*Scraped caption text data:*
-----

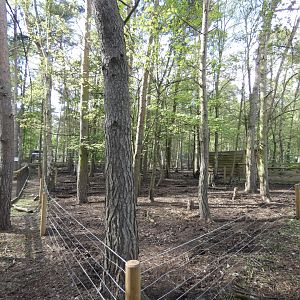 Visayan warty pig enclosure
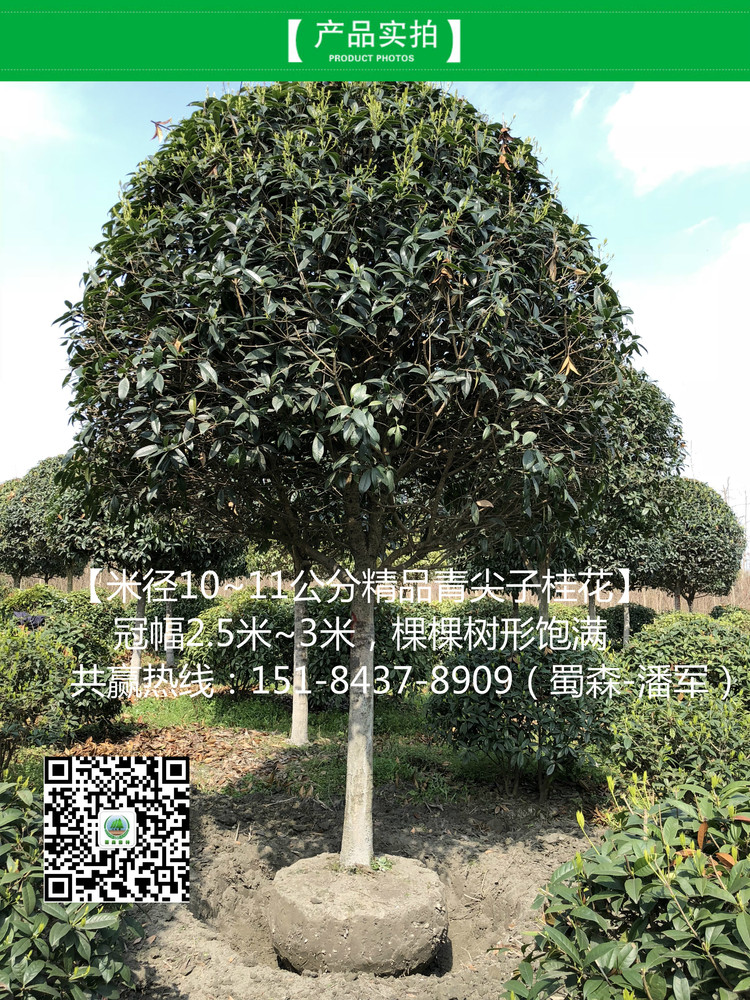 IMG_8484_meitu_8.jpg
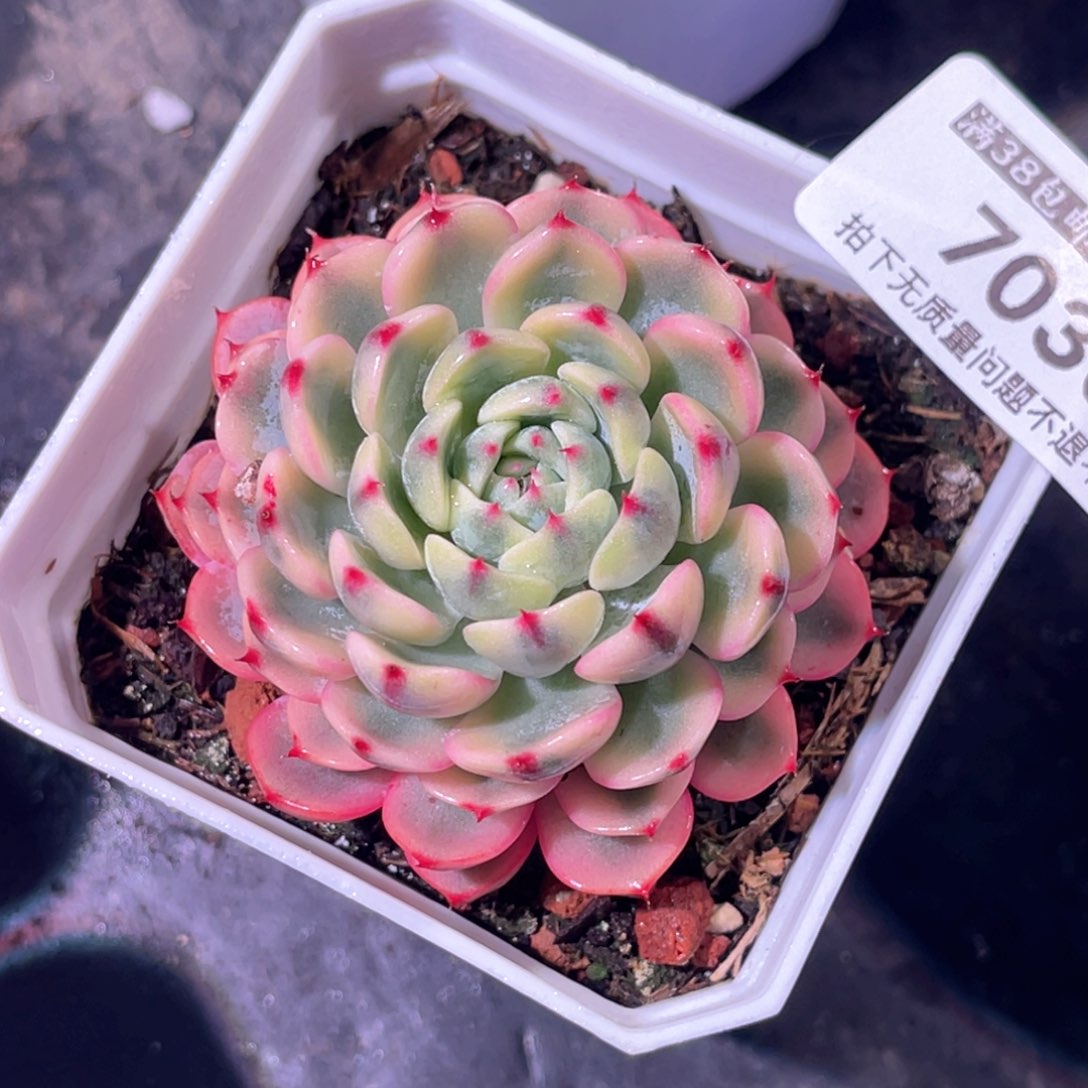 多肉特价姬莲锦7030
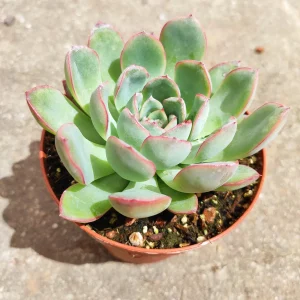 Echeveria 'Apus' Succulent Live Plant - Green & Red Rosettes - Up to 8 Inches - Image 3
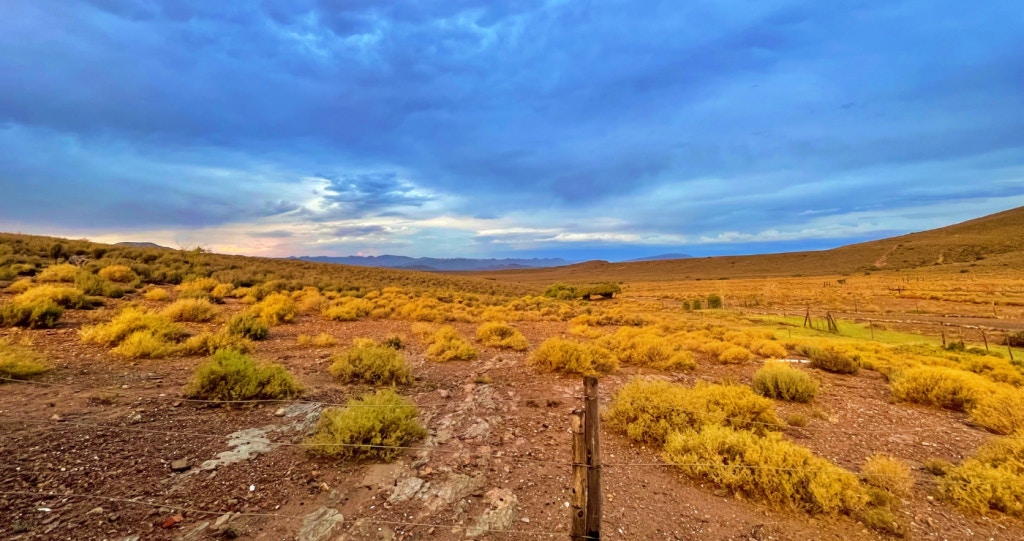 Desert Wind Private Guest and Game Farm: Breek weg naby Kaapstad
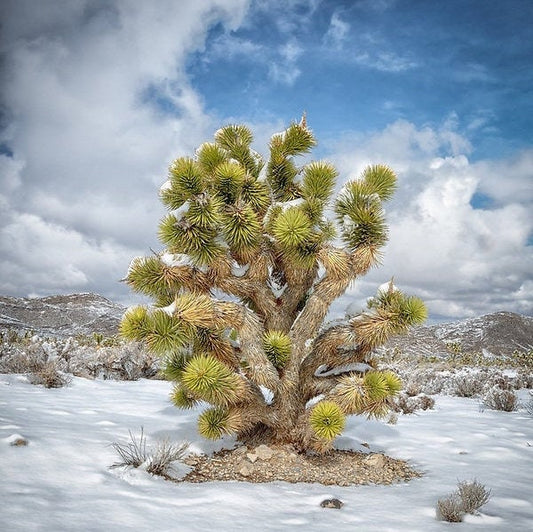 Yucca brevifolia 'Oregon' (Joshua Tree) COLD HARDY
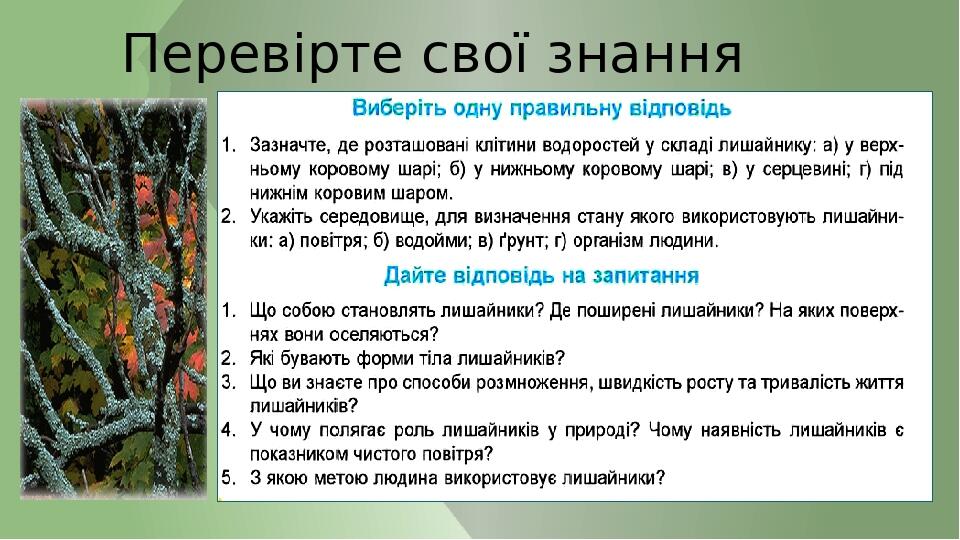 Перевірте свої знання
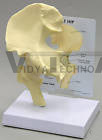 Hip Joint Anatomy Model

-----

*Task goal:*
Output only these lines, word for word: the line containing "多肉特价姬莲锦7030" and every line after it through the last line of the data. Omit the pictures.

*Response box:*
 多肉特价姬莲锦7030
 Echeveria 'Apus' Succulent Live Plant - Green & Red Rosettes - Up to 8 Inches - Image 3
 Desert Wind Private Guest and Game Farm: Breek weg naby Kaapstad
 Yucca brevifolia 'Oregon' (Joshua Tree) COLD HARDY
 Перевірте свої знання
 Hip Joint Anatomy Model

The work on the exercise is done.